Secrets of Real Estate Interior Photography

1. The Room Looks Dark - Solutions

Example: Interior Looks Too Dark

Suppose your photos show the room too dark (see the extreme example on the left). People like bright interiors, and such a dark interior photograph is forbidding. Typically this is a metering problem: you must expose for either the bright daylight pouring through windows or the darker interior. Your eyes can see both at once, and the interior may not look that dark, but no film or digital sensor yet invented can capture a large luminance range (dark to light). An automatic camera may try to preserve detail in the intensely bright windows (thinking they're the real subject), leaving the rest of the room in featureless shadow. Even setting the exposure manually involves compromise you may find unacceptable.

But Don't Be Afraid of the Dark

Don't Be Afraid of the Dark

Before looking at solutions, let me point out that brilliant illumination of the entire interior space isn't always the best approach. Many effective interior photographs capitalize on shadows, sometimes making a significant portion of the space fall into darkness. The shot at right seeks to convey the warm sunshine streaming through the huge south-facing windows. Forcing artificial light to fill all of the shadows would diminish the effect, and we can see enough of the room to understand the photograph. (Note the slashing sunbeams are from a low angle sun: this is December in the northern hemisphere... this wouldn't work with the sun directly overhead in summer.)

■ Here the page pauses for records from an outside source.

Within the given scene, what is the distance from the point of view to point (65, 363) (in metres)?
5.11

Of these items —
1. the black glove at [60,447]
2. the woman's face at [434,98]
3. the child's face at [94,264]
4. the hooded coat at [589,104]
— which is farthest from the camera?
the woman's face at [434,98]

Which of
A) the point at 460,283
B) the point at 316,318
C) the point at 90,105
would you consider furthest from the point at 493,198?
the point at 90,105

Solution A: Lower the Outside Light

Just One Lamp On, at Twilight

You can't turn down the sun, but if your space is too dark in the bright sunshine try shooting when skies are heavily overcast instead. Or shoot near dawn or dusk when daylight levels are closer to interior lighting levels. Carried to extreme, you can shoot interiors with very low light at twilight... a very pretty effect. The Bayhouse shot on left used only one single lamp for lighting during a 4-second exposure... though it isn't ideal, what could be easier? But in general I don't shoot interiors at full-black night because the totally dark windows can appear sinister. Now, what if you have no control over the outside lighting or what time to shoot? Read on....

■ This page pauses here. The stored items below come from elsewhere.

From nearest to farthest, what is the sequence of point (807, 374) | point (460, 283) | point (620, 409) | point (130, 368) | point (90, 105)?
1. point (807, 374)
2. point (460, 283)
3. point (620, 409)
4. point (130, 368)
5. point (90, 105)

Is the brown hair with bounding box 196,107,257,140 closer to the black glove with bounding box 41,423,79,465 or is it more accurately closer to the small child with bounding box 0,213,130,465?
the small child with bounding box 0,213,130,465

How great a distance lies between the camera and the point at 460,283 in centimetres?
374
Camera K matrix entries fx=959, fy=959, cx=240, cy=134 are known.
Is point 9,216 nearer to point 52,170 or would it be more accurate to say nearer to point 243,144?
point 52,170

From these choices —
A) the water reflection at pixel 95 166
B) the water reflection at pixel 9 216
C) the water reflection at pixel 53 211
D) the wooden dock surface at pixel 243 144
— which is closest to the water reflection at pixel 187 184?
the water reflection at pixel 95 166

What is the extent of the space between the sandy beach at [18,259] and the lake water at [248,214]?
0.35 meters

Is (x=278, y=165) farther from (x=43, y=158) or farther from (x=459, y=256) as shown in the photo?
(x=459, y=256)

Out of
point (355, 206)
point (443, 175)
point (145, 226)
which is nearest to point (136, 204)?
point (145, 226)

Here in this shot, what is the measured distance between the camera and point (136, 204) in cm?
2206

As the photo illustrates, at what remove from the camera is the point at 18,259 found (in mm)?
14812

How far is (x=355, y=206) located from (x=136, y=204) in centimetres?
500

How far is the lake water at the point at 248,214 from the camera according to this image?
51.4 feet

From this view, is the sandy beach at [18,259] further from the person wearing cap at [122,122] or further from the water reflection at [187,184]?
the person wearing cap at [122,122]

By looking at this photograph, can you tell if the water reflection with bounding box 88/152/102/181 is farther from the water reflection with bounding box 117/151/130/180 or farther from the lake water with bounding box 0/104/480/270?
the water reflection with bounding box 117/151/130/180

Solution B: Turn on the Lights

Hot lights (as opposed to flash) are relatively easy to work with: since the lights stay on, you can adjust what you see to what you want. I like to use plenty of light and shift toward slight overexposure to give a bright and cheery look, even if the lamps themselves appear burned out in the photo (we don't expect or care to see highlight detail in a lamp shade). Here is some guidance for interior lighting, starting with the easiest.

Existing Lights. Switch on all existing lights in a room: lamps, ceiling lights, appliance lamps... everything except fluorescents (which are rendered green by daylight film, but less of a problem with digital). Turn on lights in adjacent rooms too, so visible doorways don't look dark. Even if the room already appears bright, glowing lights will have a positive effect.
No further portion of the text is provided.